**Task directions**.
Output exactly the lines of the listing below that run from the line with "9780697126658: Basketball (Sports" through the line with "Chica busca chico". No pictures.

BEGIN Available data

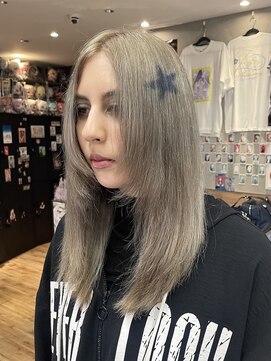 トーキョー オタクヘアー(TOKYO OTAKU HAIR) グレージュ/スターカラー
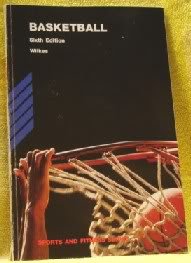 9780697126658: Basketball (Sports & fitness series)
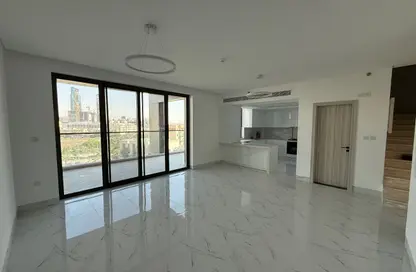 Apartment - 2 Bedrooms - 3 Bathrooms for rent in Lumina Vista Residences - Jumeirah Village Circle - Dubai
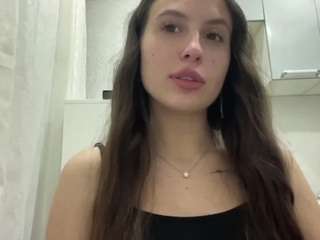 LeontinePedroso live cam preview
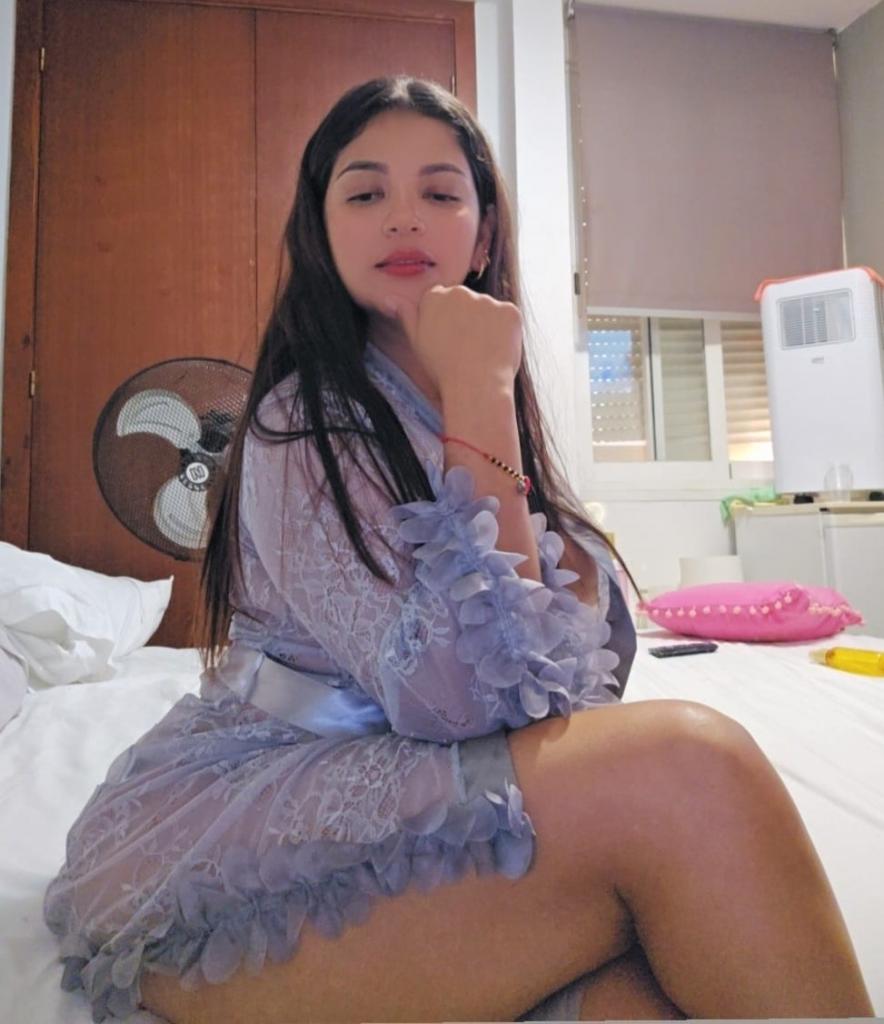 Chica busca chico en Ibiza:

END Available data
BEGIN Available data

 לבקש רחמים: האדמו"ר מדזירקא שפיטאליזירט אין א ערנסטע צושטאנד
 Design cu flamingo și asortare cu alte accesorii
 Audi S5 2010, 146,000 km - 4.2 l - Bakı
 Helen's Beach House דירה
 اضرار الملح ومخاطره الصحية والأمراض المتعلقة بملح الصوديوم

END Available data
BEGIN Available data

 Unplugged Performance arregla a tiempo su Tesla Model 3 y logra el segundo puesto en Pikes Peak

END Available data

**Answer section**.
 9780697126658: Basketball (Sports & fitness series)
 Apartment - 2 Bedrooms - 3 Bathrooms for rent in Lumina Vista Residences - Jumeirah Village Circle - Dubai
 LeontinePedroso live cam preview
 Chica busca chico en Ibiza:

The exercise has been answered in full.